## EXERCISE GOAL
Go to the line in the entries below that holds "Roseland, NJ 07068" and repeat exactly from there through the line that holds "Lagoon 51 SERENDIPITY boat image", inclusive.

━━ RECORD EXTRACTS ━━

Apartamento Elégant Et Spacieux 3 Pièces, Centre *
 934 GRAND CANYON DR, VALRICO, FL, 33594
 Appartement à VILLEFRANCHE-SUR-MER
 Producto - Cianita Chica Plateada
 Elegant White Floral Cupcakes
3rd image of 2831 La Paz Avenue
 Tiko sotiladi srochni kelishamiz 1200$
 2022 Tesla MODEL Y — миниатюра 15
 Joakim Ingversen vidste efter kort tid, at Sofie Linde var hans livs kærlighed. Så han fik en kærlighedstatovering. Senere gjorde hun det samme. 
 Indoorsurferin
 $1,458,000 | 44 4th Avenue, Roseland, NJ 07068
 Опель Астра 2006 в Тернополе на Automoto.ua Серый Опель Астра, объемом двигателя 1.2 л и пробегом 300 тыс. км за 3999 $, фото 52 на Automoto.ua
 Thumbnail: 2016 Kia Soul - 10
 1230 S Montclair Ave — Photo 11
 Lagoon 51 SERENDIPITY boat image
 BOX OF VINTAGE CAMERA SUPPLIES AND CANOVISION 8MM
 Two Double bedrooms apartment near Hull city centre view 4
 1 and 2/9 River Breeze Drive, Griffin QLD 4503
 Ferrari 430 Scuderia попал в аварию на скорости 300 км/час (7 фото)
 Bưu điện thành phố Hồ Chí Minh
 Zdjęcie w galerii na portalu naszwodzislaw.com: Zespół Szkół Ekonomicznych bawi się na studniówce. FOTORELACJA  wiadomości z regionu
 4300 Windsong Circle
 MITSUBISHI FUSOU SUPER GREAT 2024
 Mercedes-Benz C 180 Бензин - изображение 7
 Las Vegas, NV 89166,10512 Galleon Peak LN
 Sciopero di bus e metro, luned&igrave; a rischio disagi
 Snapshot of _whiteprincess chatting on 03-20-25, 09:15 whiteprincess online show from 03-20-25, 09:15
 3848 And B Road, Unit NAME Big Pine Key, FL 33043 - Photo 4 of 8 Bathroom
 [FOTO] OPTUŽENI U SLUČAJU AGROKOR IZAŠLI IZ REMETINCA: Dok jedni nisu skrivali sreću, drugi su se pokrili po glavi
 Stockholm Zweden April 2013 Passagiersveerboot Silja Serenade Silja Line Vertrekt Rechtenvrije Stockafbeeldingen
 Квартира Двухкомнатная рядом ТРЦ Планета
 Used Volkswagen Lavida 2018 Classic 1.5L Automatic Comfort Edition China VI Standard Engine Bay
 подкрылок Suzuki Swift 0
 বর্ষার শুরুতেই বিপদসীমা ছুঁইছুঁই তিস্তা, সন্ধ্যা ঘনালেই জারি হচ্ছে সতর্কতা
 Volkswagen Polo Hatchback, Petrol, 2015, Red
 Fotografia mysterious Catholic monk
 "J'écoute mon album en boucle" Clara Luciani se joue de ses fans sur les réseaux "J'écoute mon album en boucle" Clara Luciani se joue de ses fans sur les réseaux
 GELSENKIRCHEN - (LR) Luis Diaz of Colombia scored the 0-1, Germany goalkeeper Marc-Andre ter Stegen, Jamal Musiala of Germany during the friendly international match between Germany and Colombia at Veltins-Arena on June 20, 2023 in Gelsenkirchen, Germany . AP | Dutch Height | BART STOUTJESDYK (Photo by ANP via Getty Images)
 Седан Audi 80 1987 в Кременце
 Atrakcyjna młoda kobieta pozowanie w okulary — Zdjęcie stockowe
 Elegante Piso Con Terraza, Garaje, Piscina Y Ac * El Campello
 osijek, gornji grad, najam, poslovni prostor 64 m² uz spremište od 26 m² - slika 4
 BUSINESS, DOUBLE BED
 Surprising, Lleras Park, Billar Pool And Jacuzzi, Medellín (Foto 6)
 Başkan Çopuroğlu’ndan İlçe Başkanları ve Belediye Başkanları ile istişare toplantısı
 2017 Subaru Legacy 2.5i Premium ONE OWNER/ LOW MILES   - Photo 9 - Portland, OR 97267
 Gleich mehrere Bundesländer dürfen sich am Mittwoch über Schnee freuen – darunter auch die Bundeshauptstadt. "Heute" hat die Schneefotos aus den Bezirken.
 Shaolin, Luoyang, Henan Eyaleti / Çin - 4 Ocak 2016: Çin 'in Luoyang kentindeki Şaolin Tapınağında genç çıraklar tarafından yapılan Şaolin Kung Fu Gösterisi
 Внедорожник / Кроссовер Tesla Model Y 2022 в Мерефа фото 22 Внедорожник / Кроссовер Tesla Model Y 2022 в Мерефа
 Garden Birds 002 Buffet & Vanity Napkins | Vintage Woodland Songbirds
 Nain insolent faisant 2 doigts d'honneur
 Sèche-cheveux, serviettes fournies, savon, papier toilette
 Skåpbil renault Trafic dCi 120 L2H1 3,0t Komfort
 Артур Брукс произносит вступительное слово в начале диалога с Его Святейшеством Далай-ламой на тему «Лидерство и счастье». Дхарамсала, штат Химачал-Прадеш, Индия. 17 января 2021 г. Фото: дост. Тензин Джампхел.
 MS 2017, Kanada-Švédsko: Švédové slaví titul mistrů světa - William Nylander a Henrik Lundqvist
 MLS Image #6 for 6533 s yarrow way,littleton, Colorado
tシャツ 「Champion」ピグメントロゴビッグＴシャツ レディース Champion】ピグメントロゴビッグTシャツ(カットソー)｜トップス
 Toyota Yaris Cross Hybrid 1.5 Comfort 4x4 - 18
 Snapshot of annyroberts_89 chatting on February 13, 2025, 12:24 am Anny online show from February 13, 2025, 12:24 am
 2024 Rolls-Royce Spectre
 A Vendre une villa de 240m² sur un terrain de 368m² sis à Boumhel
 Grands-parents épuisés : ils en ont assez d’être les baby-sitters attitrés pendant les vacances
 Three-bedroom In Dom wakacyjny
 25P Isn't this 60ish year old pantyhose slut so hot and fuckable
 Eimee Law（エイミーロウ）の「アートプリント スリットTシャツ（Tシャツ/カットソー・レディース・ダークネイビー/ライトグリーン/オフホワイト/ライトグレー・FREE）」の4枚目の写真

━━━

## REPLY TO THE TASK
 $1,458,000 | 44 4th Avenue, Roseland, NJ 07068
 Опель Астра 2006 в Тернополе на Automoto.ua Серый Опель Астра, объемом двигателя 1.2 л и пробегом 300 тыс. км за 3999 $, фото 52 на Automoto.ua
 Thumbnail: 2016 Kia Soul - 10
 1230 S Montclair Ave — Photo 11
 Lagoon 51 SERENDIPITY boat image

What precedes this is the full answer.